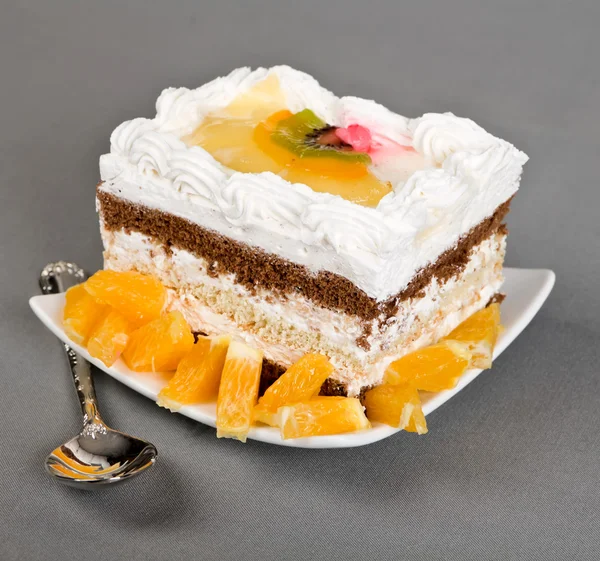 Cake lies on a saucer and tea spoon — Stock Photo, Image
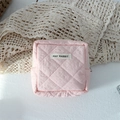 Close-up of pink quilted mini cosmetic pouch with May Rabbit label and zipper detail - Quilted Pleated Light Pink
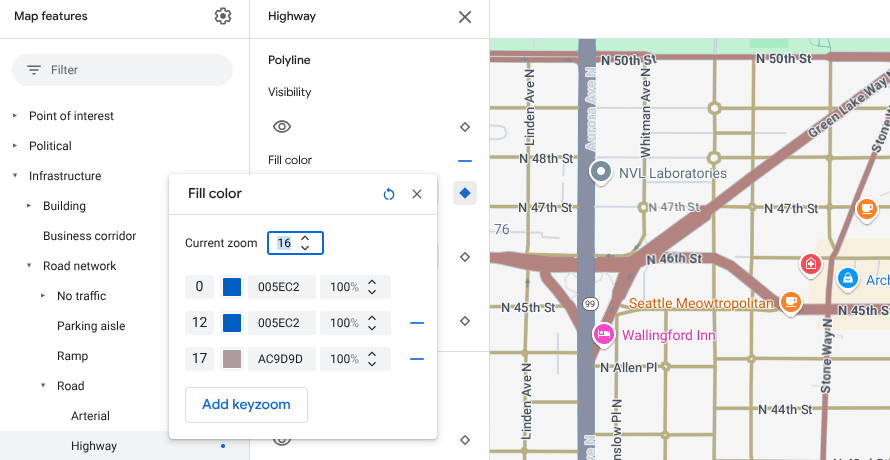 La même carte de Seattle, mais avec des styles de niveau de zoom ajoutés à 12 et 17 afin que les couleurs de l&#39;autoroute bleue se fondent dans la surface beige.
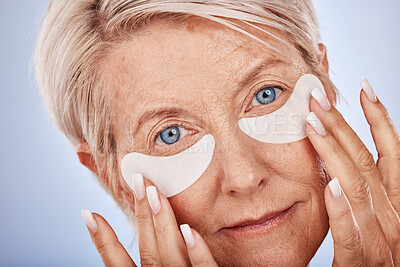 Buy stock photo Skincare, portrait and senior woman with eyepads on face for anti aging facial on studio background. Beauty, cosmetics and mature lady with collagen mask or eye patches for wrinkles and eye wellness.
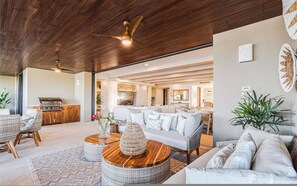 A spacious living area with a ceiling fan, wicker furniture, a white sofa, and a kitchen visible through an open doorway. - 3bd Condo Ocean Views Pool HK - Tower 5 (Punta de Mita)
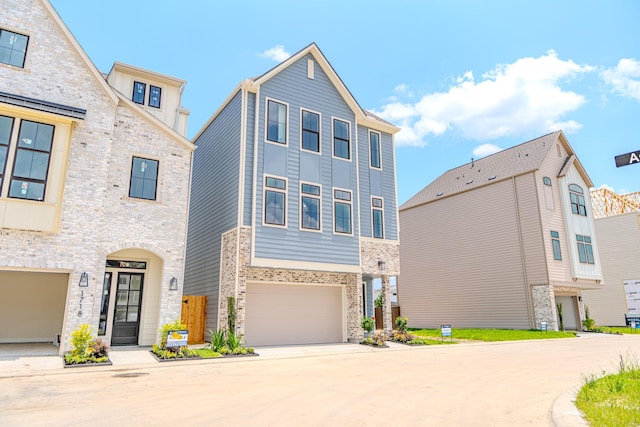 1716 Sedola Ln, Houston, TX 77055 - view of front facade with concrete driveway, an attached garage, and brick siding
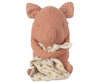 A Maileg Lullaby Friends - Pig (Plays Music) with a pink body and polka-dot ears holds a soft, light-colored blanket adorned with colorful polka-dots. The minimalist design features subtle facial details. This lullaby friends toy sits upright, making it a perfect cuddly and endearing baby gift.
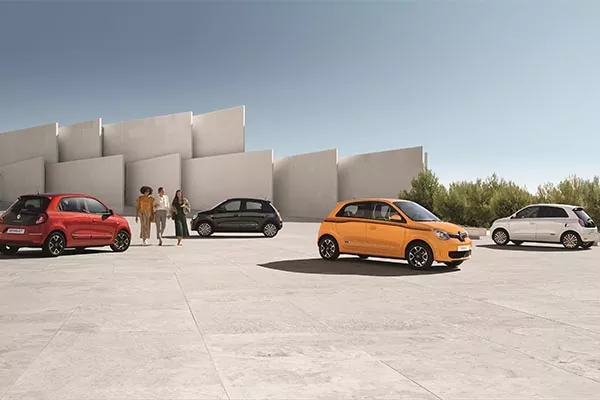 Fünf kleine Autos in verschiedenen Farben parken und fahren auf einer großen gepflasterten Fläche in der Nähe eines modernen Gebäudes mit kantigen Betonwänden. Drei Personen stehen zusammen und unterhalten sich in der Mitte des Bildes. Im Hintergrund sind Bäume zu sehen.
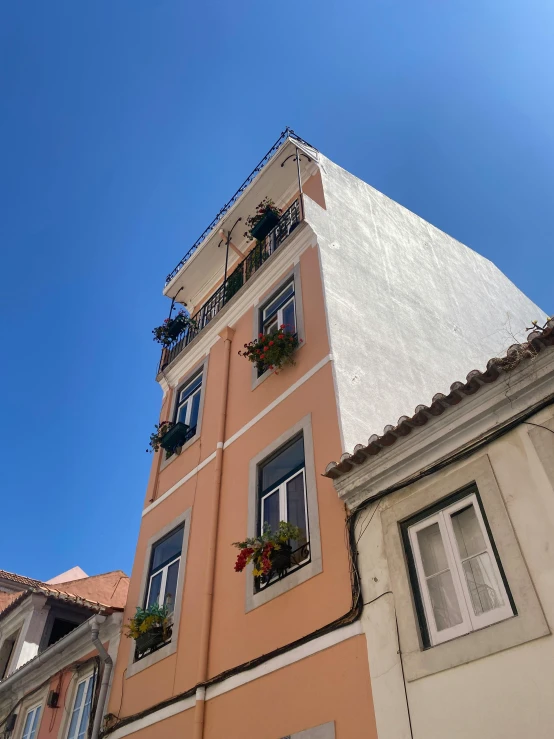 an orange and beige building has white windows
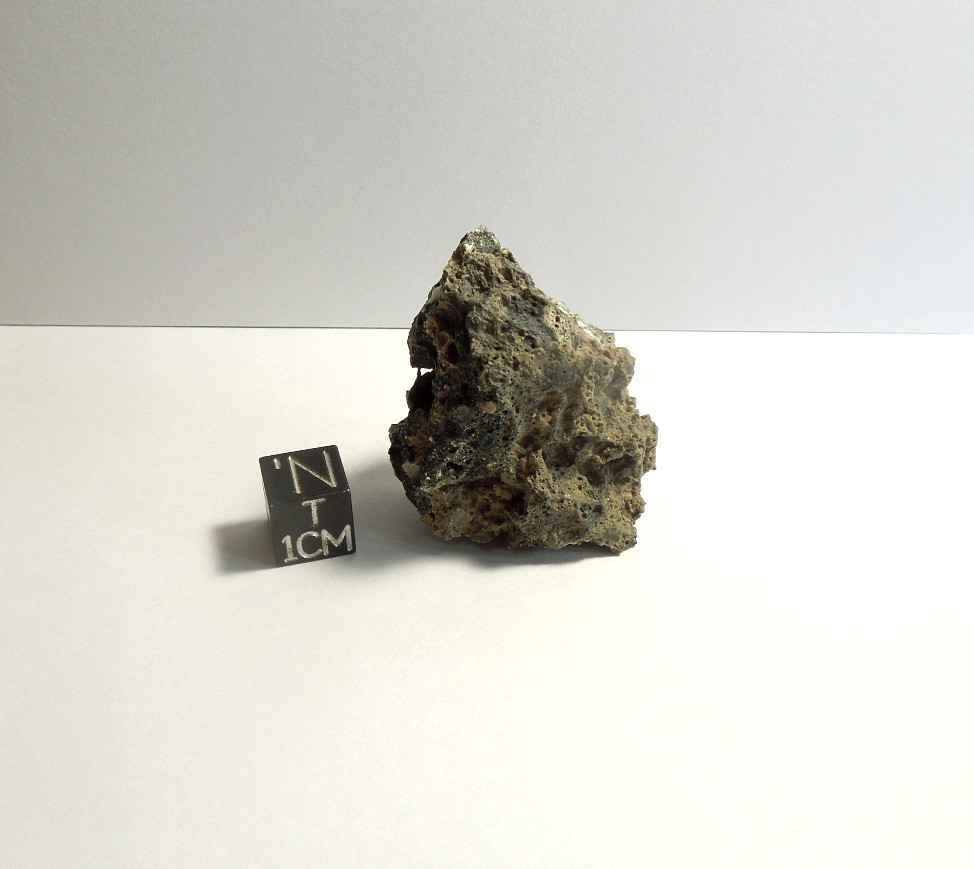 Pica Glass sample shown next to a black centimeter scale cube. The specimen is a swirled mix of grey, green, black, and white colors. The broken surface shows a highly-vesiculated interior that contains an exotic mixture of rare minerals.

WORK TO BE COMPLETED:
The answer is the lines above from the one with "Buy stock photo" to the one with "1716 Sedola Ln, Houston, TX", set down exactly, with no pictures.

COMPLETED EXERCISE:
 Buy stock photo Skincare, portrait and senior woman with eyepads on face for anti aging facial on studio background. Beauty, cosmetics and mature lady with collagen mask or eye patches for wrinkles and eye wellness.
 A spacious living area with a ceiling fan, wicker furniture, a white sofa, and a kitchen visible through an open doorway. - 3bd Condo Ocean Views Pool HK - Tower 5 (Punta de Mita)
 1716 Sedola Ln, Houston, TX 77055 - view of front facade with concrete driveway, an attached garage, and brick siding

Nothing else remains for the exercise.